** Dataset records **

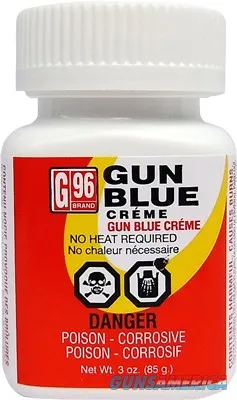 G96 Gun Blue Creme 1064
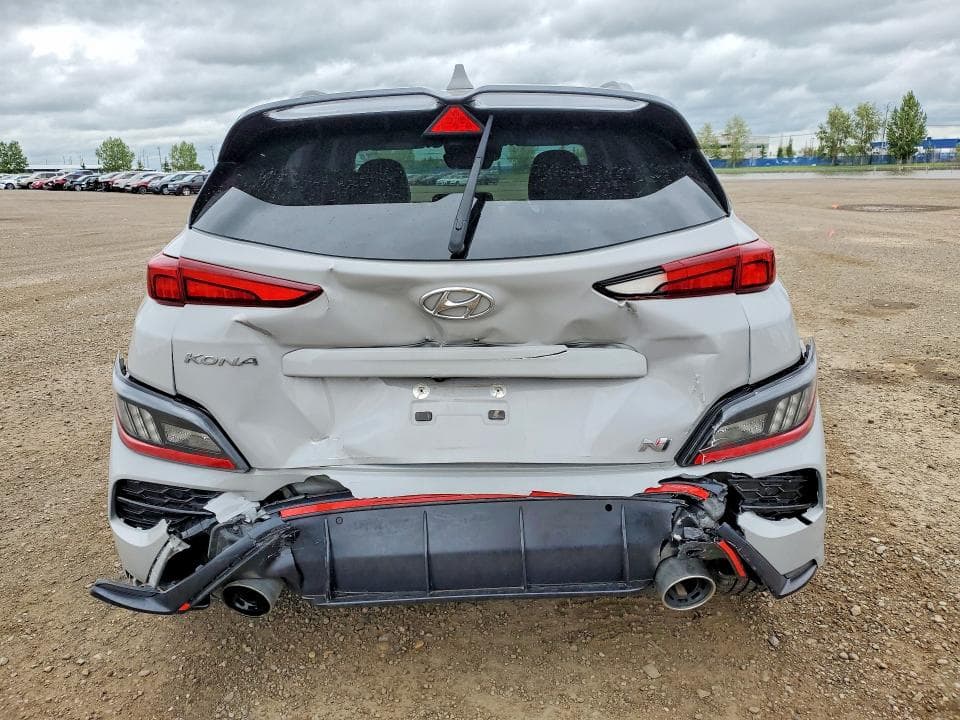 2022 HYUNDAI KONA N BASE 6
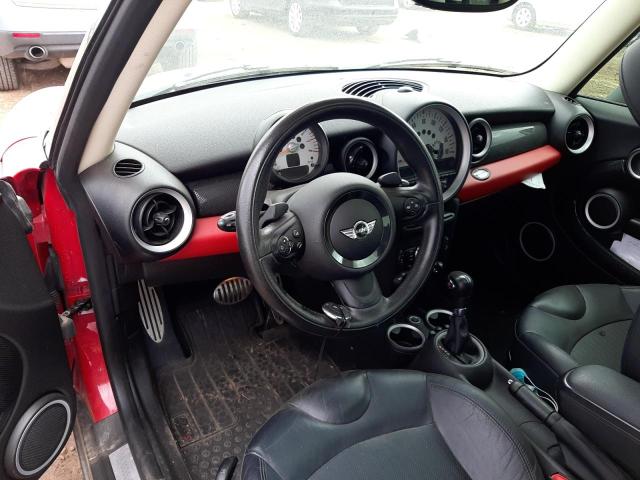 WMWZG3C55DTY39641 Mini Cooper S Clubman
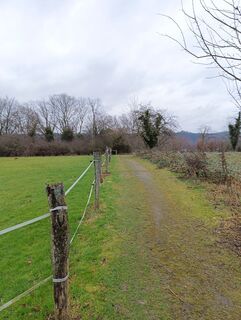 Foto von Dario Mansi entlang der Tour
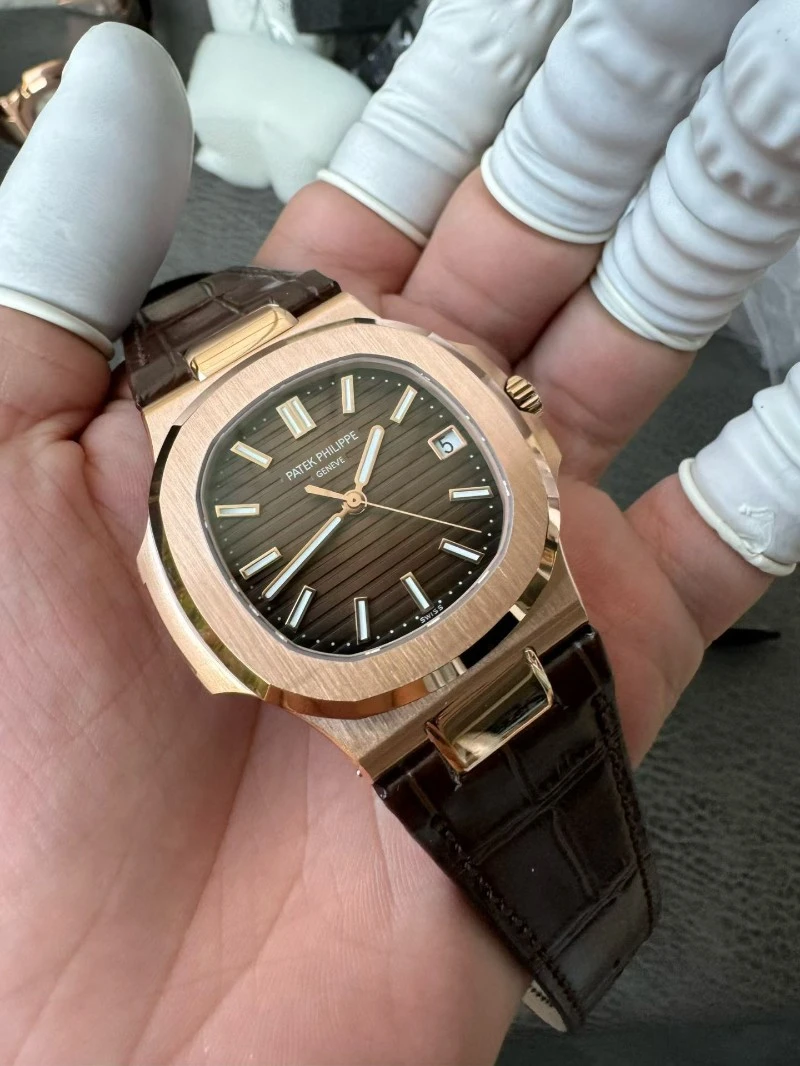 dd廠高仿百達翡麗5711配重版 (6)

** Problem to solve **
Repeat word for word the lines from the one holding "2022 HYUNDAI KONA N BASE 6" through the last line of the listing above, including both ends. Drop the pictures.

** Task output **
 2022 HYUNDAI KONA N BASE 6
 WMWZG3C55DTY39641 Mini Cooper S Clubman
 Foto von Dario Mansi entlang der Tour
 dd廠高仿百達翡麗5711配重版 (6)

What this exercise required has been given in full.